= Thomas Webster (lawyer) =

English barrister

Thomas Webster (1810–1875) was an English barrister, known for his involvement in patent legislation, and for committee work leading up to The Great Exhibition.

==Life==
He was born on 16 October 1810, the eldest son of Thomas Webster, vicar of Oakington, Cambridgeshire. From Charterhouse School he went to Trinity College, Cambridge, and graduated B.A. as fourteenth wrangler in 1832, proceeding M.A. in 1835.

In 1837 Webster became secretary to the Institution of Civil Engineers. In 1839 he resigned the post, but remained honorary secretary till 1841. In that year he was called to the bar at Lincoln's Inn, and joined the northern circuit.

Webster built up a practice in scientific cases, and was recognised as an authority on patent law. He played a major part in the reforming Patent Law Amendment Act 1852. He had also a parliamentary practice. He was one of the counsel engaged for Birkenhead in the contests over the Liverpool and Mersey docks.

Webster was on the governing body of the Society of Arts, a significant member of the reforming group in the Society of the mid-1840s; others were George Bailey, John Bethell, John Scott Russell, Edward Speer, William Tooke, and Joseph Woods. He was in the chair at the meeting of the society in 1845 when the first proposal was made for holding the International Exhibition of 1851, and was a member of initial committee appointed to organise it.
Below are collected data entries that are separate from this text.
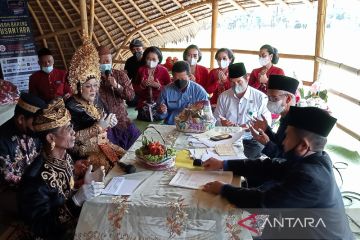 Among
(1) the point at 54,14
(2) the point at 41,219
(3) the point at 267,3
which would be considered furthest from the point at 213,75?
(1) the point at 54,14

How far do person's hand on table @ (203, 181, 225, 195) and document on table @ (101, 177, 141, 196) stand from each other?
0.39 m

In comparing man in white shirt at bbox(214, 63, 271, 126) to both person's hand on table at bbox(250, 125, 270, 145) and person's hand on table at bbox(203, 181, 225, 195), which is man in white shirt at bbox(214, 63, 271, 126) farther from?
person's hand on table at bbox(203, 181, 225, 195)

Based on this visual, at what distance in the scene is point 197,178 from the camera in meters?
2.12

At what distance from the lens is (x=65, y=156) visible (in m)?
2.21

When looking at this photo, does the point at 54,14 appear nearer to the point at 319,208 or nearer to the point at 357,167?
the point at 357,167

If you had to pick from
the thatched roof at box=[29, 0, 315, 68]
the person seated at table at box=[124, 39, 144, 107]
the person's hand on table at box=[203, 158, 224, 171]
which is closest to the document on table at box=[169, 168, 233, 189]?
the person's hand on table at box=[203, 158, 224, 171]

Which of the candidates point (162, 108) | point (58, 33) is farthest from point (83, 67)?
point (58, 33)

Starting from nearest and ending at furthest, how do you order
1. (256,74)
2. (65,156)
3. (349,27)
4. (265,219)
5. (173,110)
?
(265,219) < (65,156) < (173,110) < (256,74) < (349,27)

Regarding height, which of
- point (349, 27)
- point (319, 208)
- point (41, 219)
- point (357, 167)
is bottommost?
point (357, 167)

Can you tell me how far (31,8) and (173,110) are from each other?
528 cm

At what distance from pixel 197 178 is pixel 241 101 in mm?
1846

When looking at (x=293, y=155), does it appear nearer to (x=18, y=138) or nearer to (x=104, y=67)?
(x=18, y=138)

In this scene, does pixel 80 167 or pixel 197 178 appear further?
pixel 80 167

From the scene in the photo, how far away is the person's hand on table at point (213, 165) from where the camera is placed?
223 cm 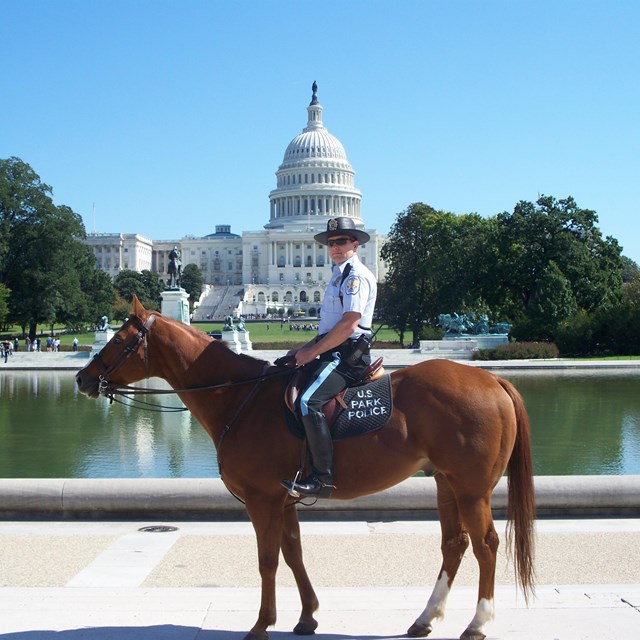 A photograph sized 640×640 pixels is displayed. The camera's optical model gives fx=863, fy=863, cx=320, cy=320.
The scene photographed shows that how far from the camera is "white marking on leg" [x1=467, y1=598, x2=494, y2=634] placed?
5391 mm

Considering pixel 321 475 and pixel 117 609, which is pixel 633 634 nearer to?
pixel 321 475

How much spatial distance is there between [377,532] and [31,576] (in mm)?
3145

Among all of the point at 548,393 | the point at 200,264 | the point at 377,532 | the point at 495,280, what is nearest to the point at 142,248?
A: the point at 200,264

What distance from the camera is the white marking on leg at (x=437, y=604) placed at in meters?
5.55

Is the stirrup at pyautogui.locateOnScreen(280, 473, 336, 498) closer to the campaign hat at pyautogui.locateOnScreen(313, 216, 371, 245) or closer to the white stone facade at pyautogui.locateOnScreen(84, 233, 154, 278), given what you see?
the campaign hat at pyautogui.locateOnScreen(313, 216, 371, 245)

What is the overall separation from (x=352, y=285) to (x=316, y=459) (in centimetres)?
115

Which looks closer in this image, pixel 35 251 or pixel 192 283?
pixel 35 251

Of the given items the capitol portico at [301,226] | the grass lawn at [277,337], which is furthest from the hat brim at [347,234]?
the capitol portico at [301,226]

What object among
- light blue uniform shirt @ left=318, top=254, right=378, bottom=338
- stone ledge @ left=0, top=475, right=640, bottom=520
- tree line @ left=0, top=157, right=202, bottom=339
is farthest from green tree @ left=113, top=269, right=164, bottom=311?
light blue uniform shirt @ left=318, top=254, right=378, bottom=338

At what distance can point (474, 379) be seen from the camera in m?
5.68

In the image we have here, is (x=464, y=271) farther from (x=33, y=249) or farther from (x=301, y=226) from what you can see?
(x=301, y=226)

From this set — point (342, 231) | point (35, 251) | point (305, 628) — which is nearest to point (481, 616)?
point (305, 628)

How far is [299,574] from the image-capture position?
5742 millimetres

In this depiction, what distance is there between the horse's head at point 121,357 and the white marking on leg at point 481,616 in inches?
107
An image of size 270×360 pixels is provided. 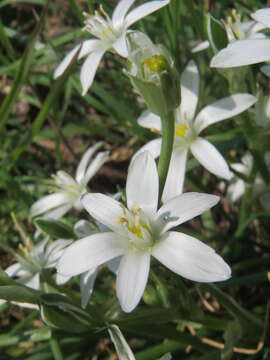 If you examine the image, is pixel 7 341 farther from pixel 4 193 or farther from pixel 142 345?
pixel 4 193

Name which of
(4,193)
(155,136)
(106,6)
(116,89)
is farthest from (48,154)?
(106,6)

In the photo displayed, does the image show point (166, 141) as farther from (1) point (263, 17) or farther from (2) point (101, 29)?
(2) point (101, 29)

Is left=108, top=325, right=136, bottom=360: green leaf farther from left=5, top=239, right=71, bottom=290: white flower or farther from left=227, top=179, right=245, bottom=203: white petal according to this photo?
left=227, top=179, right=245, bottom=203: white petal

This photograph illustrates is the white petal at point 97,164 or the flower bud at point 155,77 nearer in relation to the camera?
the flower bud at point 155,77

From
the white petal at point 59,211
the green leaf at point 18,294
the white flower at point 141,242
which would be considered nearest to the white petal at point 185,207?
the white flower at point 141,242

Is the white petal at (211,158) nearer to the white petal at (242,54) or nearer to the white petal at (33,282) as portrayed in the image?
the white petal at (242,54)

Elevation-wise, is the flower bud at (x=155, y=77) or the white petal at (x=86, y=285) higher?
the flower bud at (x=155, y=77)

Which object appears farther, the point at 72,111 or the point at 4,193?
the point at 72,111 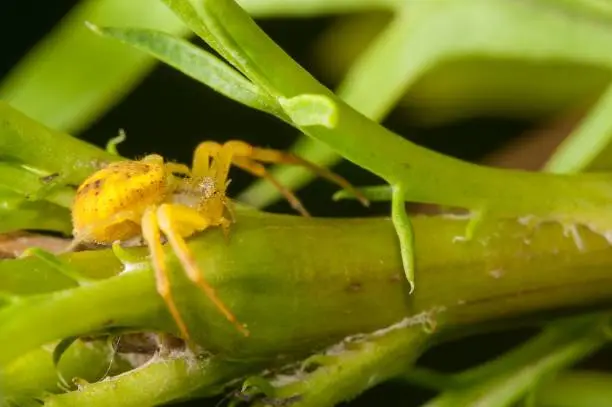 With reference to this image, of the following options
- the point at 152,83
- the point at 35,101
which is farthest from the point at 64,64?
the point at 152,83

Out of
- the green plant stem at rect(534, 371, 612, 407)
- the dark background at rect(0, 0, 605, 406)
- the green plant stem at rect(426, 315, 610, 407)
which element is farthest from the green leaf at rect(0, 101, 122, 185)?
the dark background at rect(0, 0, 605, 406)

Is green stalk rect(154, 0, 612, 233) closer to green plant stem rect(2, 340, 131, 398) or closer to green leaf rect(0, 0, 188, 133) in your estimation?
green plant stem rect(2, 340, 131, 398)

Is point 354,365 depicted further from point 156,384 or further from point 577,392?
point 577,392

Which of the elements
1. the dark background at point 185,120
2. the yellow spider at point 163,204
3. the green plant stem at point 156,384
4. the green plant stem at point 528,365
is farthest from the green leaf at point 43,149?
the dark background at point 185,120

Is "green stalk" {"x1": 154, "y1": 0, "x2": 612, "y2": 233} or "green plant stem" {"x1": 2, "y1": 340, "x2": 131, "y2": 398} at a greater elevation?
"green stalk" {"x1": 154, "y1": 0, "x2": 612, "y2": 233}

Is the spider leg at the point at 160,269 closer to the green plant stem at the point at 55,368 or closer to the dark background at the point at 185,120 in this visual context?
the green plant stem at the point at 55,368

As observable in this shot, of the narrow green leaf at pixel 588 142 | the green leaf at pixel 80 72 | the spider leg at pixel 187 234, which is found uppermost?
the green leaf at pixel 80 72

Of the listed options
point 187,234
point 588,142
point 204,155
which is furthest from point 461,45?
point 187,234

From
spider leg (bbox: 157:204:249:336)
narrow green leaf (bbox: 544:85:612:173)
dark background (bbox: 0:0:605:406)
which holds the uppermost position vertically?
dark background (bbox: 0:0:605:406)
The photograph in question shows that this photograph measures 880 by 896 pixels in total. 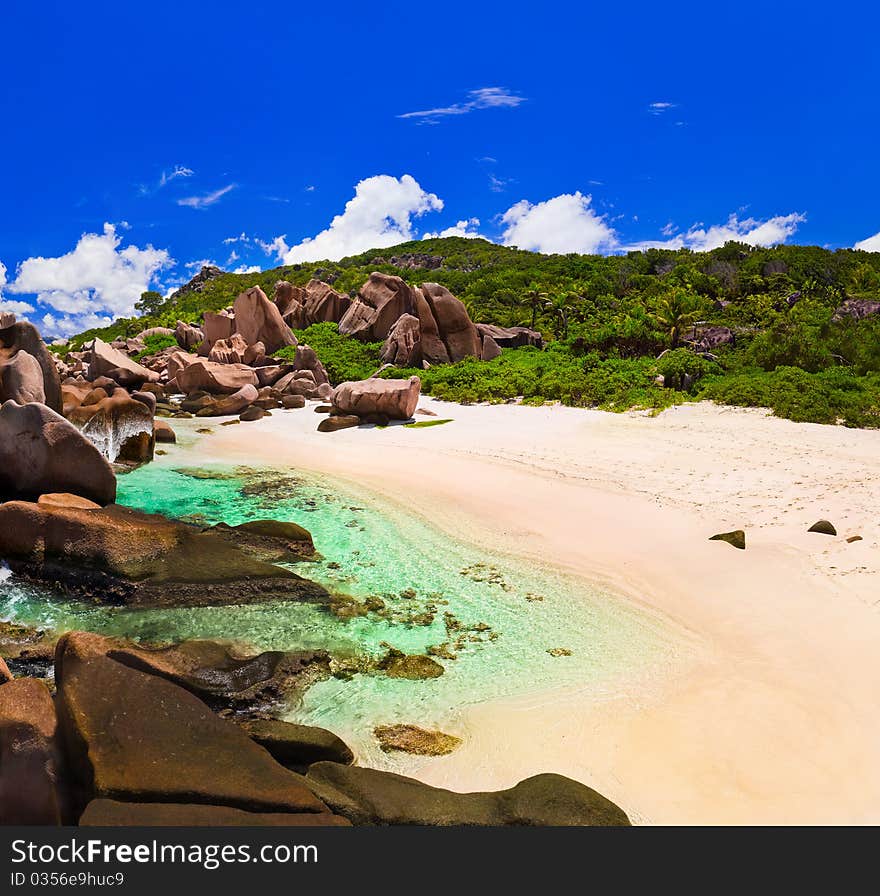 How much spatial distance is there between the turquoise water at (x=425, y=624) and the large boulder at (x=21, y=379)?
21.1 feet

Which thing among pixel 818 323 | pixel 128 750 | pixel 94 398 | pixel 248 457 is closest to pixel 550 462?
pixel 248 457

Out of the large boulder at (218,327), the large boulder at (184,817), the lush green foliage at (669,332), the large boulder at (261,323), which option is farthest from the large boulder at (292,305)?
the large boulder at (184,817)

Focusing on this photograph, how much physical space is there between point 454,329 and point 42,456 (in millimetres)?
25588

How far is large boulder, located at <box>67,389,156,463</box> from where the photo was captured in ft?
54.1

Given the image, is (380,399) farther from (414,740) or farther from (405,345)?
(414,740)

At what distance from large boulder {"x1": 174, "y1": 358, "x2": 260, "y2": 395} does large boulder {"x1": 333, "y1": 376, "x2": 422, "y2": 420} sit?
8.72m

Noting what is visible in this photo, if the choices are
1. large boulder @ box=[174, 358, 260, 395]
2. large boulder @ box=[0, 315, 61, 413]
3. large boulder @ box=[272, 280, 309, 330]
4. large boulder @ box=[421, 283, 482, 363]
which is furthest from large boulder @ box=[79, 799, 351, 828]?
large boulder @ box=[272, 280, 309, 330]

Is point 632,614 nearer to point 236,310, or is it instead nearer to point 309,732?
point 309,732

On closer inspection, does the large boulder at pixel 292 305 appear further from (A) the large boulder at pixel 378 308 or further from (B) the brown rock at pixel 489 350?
(B) the brown rock at pixel 489 350

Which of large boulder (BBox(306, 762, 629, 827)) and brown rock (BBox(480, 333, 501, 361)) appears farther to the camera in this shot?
brown rock (BBox(480, 333, 501, 361))

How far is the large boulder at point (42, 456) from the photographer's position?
10.4 m

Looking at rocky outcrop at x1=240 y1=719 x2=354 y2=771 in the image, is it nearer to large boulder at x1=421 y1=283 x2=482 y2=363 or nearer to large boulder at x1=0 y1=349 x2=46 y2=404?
large boulder at x1=0 y1=349 x2=46 y2=404

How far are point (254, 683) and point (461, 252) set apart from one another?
292ft

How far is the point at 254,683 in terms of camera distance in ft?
20.5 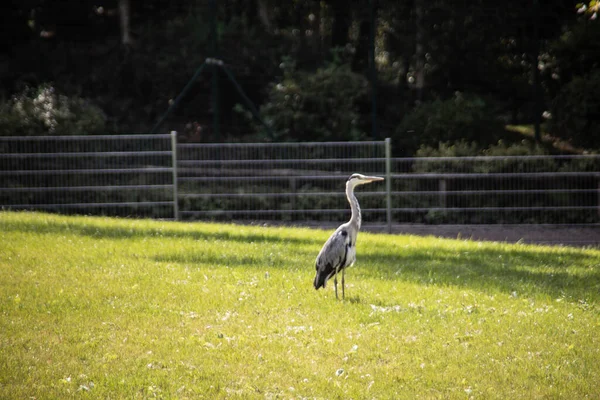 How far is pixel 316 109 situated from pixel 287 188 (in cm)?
434

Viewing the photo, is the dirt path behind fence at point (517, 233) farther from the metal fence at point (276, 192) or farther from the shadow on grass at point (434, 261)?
the shadow on grass at point (434, 261)

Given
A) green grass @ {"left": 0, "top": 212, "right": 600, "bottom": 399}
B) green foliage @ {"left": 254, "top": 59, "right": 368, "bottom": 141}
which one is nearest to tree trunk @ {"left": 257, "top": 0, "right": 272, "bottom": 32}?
green foliage @ {"left": 254, "top": 59, "right": 368, "bottom": 141}

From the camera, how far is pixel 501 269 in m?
12.6

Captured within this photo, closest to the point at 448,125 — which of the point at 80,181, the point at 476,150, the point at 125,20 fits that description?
the point at 476,150

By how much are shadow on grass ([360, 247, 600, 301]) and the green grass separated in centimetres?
4

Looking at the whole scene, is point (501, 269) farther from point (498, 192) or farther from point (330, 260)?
point (498, 192)

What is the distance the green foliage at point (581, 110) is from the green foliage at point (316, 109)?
17.0ft

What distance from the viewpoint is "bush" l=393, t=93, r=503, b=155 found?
21.8 metres

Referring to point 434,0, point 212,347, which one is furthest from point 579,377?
point 434,0

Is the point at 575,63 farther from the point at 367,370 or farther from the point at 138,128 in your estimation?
the point at 367,370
Webster was elected a Fellow of the Royal Society in 1847, and in 1865 he was appointed Queen's Counsel. He died in London on 3 June 1875.

==Works==
Webster's Reports and Notes of Cases on Letters Patent for Inventions (1844) became a standard textbook. In 1848 he published a handbook The Ports and Docks of Birkenhead. In 1853 and 1857 he republished the reports of the acting committee of the conservators of the Mersey.

==Family==
Webster married twice. Firstly, in 1839, he married Elizabeth, eldest daughter of Richard Calthrop of Swineshead Abbey, Lincolnshire. His second wife was Mary Frances, daughter of Joseph Collier Cookworthy (of Plymouth), and sister of Joseph Cookworthy, a member of parliament in Western Australia. By his first wife he had three sons, the second being Richard Everard Webster, and two daughters; by his second wife he had one son and one daughter.